> WORK ORDER:
Could you set down the listing below exactly, leaving out its pictures?

> COLLECTED MATERIAL:
----

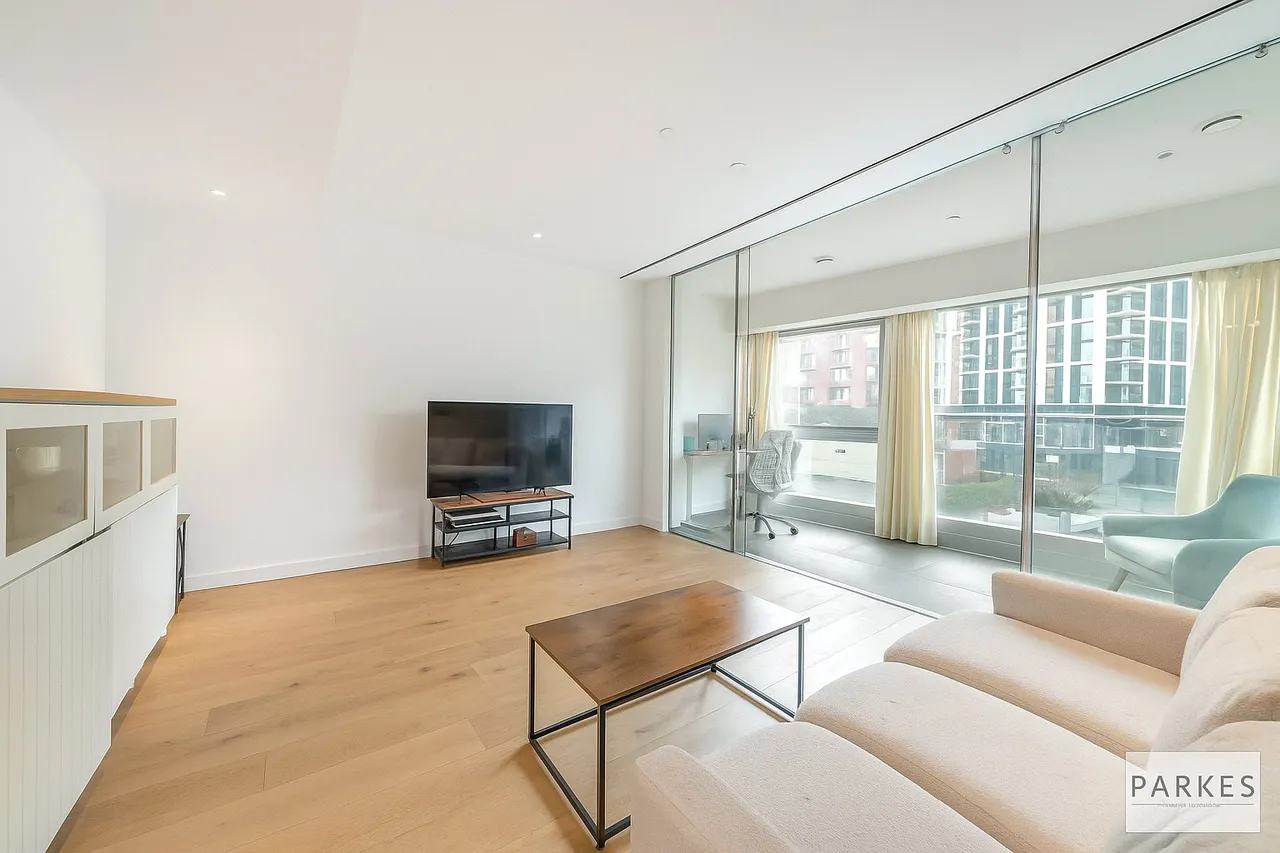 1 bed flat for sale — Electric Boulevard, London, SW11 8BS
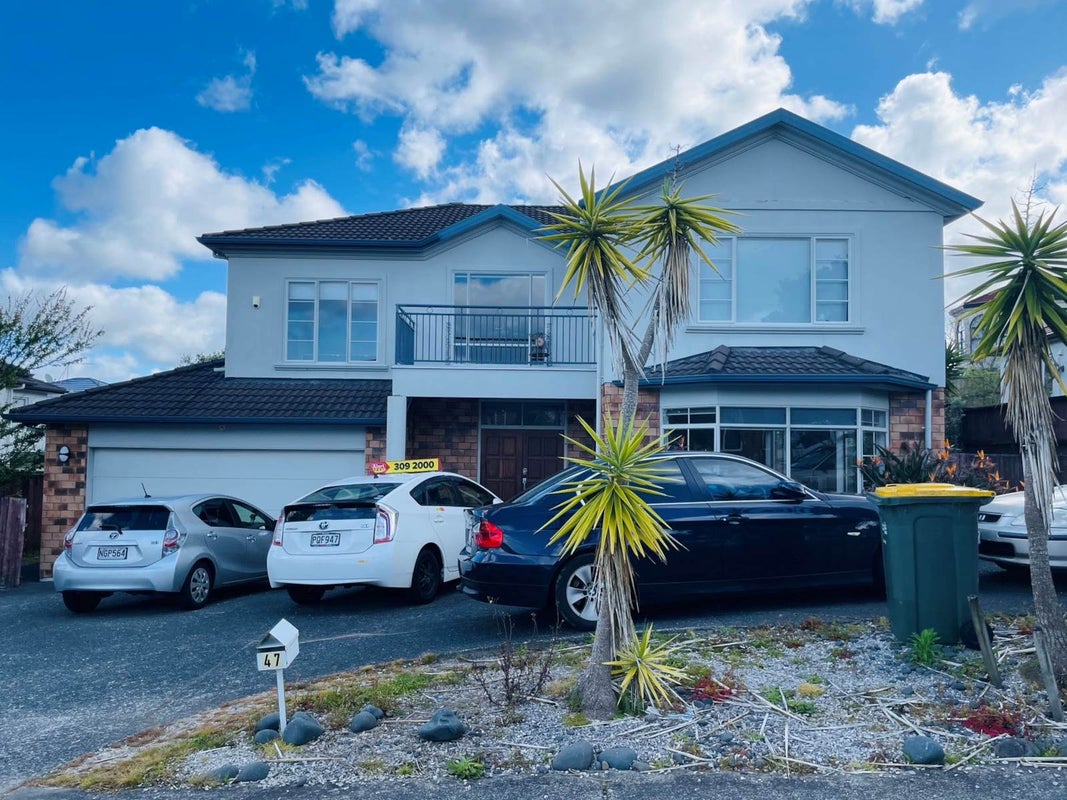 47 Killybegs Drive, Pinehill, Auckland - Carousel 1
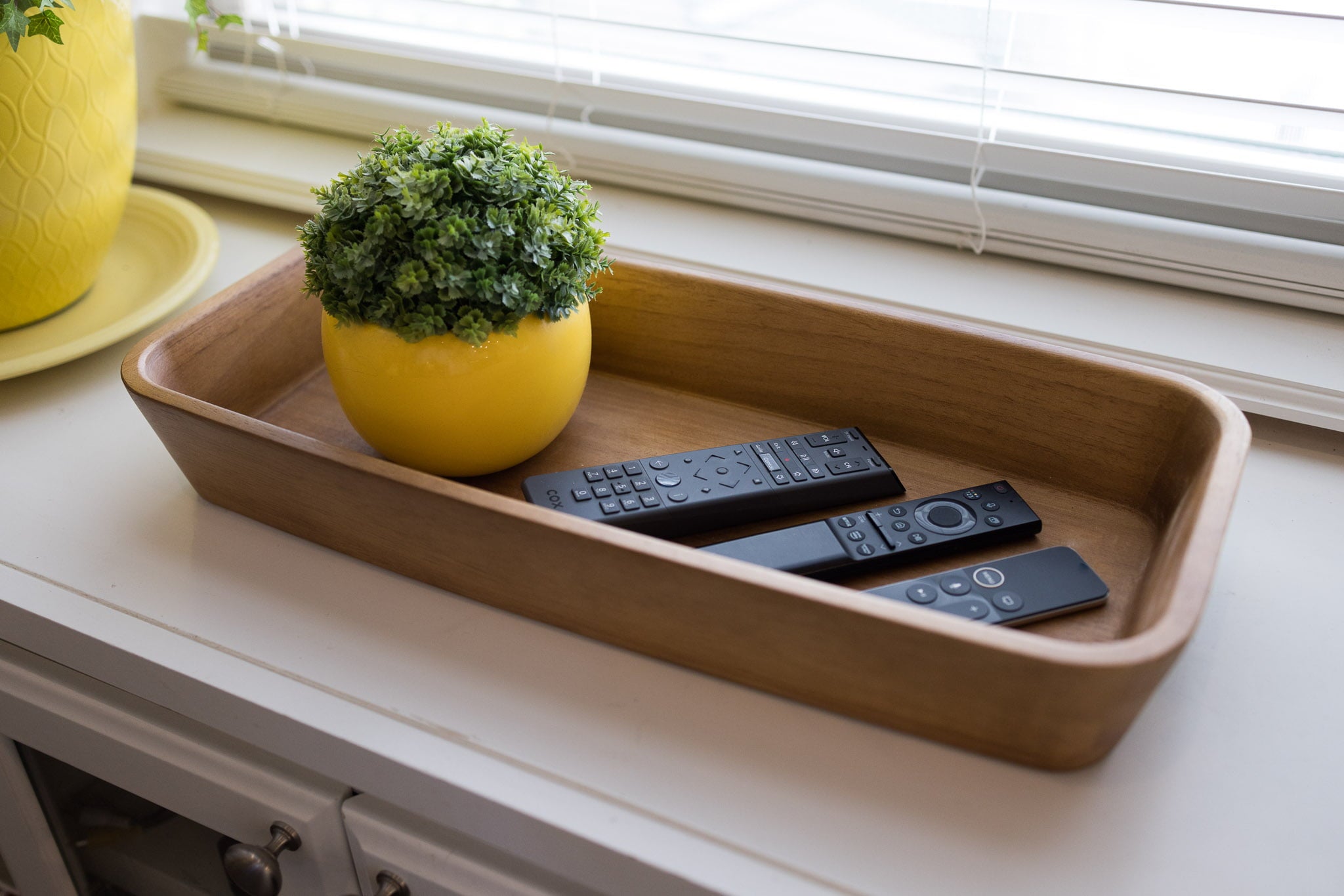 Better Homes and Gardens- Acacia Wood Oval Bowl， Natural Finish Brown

----

> YOUR RESPONSE:
 1 bed flat for sale — Electric Boulevard, London, SW11 8BS
 47 Killybegs Drive, Pinehill, Auckland - Carousel 1
 Better Homes and Gardens- Acacia Wood Oval Bowl， Natural Finish Brown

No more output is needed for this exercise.